Bush promises ‘Iraq accord’ review

US president discusses Status of Forces Agreement with Kurdish leader.

Barzani, left, said it was in the interest of Iraq to have the agreement ratified [AFP]
Barzani, left, said it was in the interest of Iraq to have the agreement ratified [AFP]

“We do believe that it is in the interest of the Iraqi government, it’s in the interest of this country, and we have been and we will continue to support it and support its ratification,” Barzani said.

Bush, who leaves office on January 20, discussed the agreement with Nuri al-Maliki, the Iraqi prime minister, on Monday.

Sovereignty fears

The draft version has drawn criticism from Iraqi political figures on grounds that it undermines their war-torn country’s sovereignty, likely to be a key theme in local and regional elections set for January 31.

Muqtada al-Sadr, the Shia leader, has said he opposes the pact, while Grand Ayatollah Ali Sistani, a senior Shia cleric, said in a statement from his office that any final deal must not harm Iraqi sovereignty.

The Iraqi cabinet on Tuesday authorised al-Maliki to negotiate changes in the pact, which will lay out the rights and responsibilities of US forces in Iraq beyond December 2008 when their present UN mandate expires.

Geoff Morrell, a spokesman at the Pentagon, said the proposed Iraqi amendments to the draft accord “are in the process of being translated and they will then be evaluated by our team. This process, I believe, will likely take several days.”

“We want to be very deliberate about this, want to have a clear understanding of what precisely the changes they are looking to make entail,” he said.

“It is our intention, certainly, to listen to them, to pay them proper respect.”

Projected pullout

Under the current proposal, US forces will withdraw from Iraqi cities by 2009 and from the whole country by 2011.
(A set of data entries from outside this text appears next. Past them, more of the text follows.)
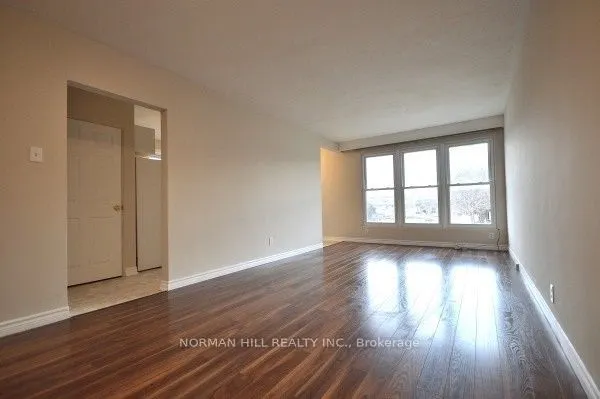 41 Newbury Drive, #Main Floor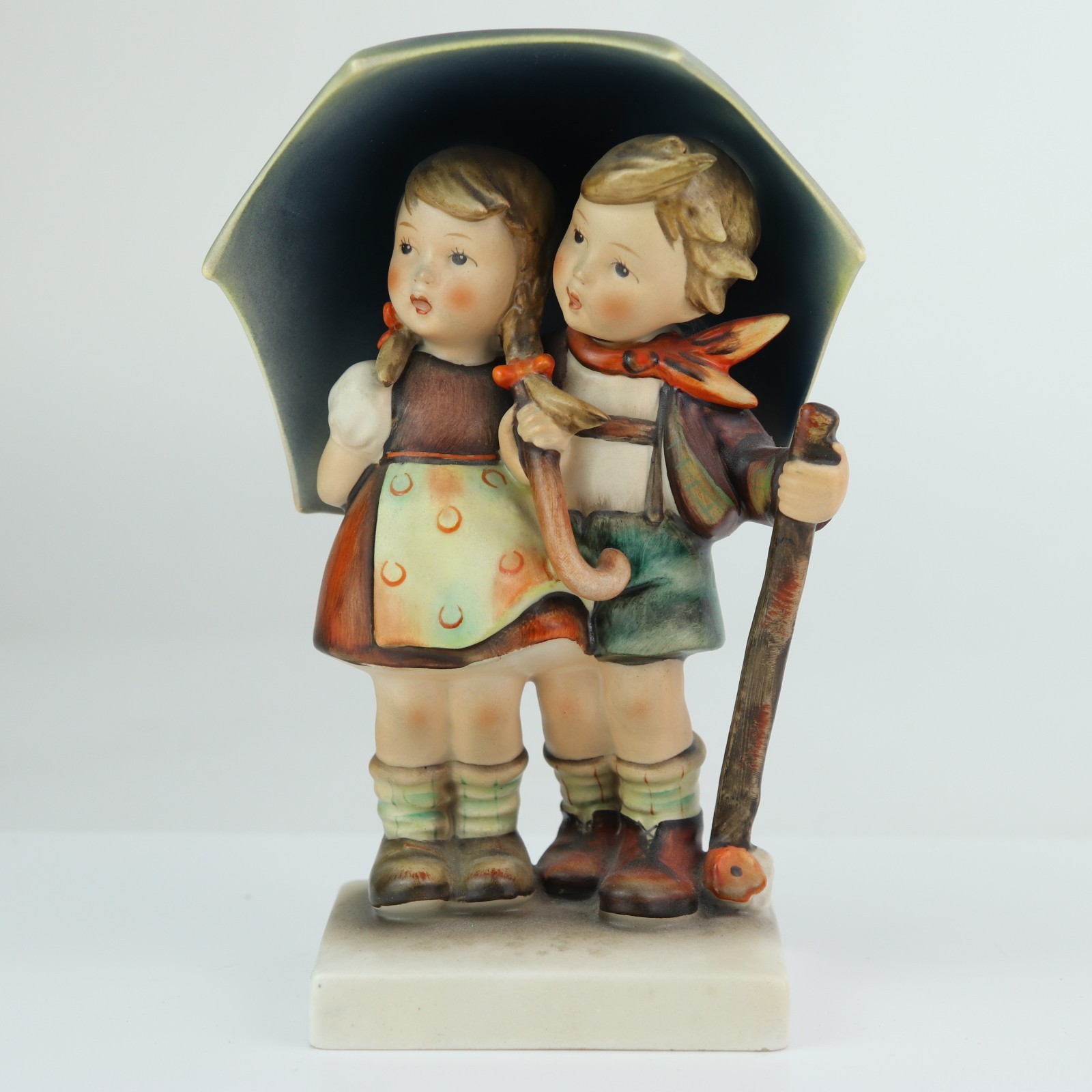 VTG M.I. Hummel Goebel Figurine Stormy Weather Hum 71 TMK-2 Full Bee Large 6.75\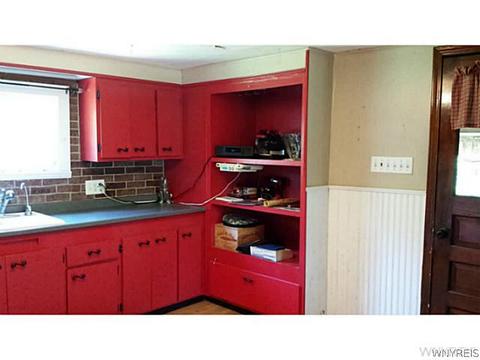 932 Cain Rd, Evans, NY 14006 photo 9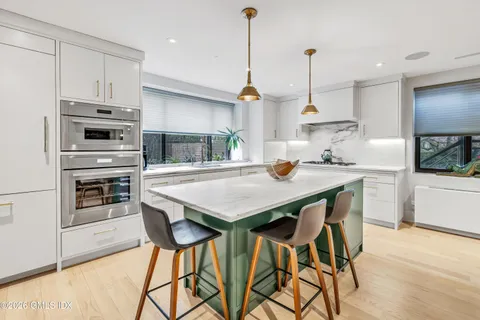 $1,550,000 | 11 Lafayette Court, Unit 1C, Greenwich, CT 06830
It also gives Iraq the power to prosecute US soldiers who are accused of committing serious crimes outside their bases and when off duty.

Mowaffak al-Rubaie, Iraq’s national security adviser, and one of the negotiators, said the security deal would prevent the US military from launching attacks on Iraq’s neighbours.

“There is a very clear article in the Sofa draft that says the US cannot, should not, launch any operation from Iraqi soil against other countries.”

His comments followed the weekend raid by US troops on a village in northeast Syria which Damascus said killed eight civilians.

A US official on Monday said the incursion targeted a top Iraqi smuggler of foreign fighters who used the area just inside Syria to launch attacks.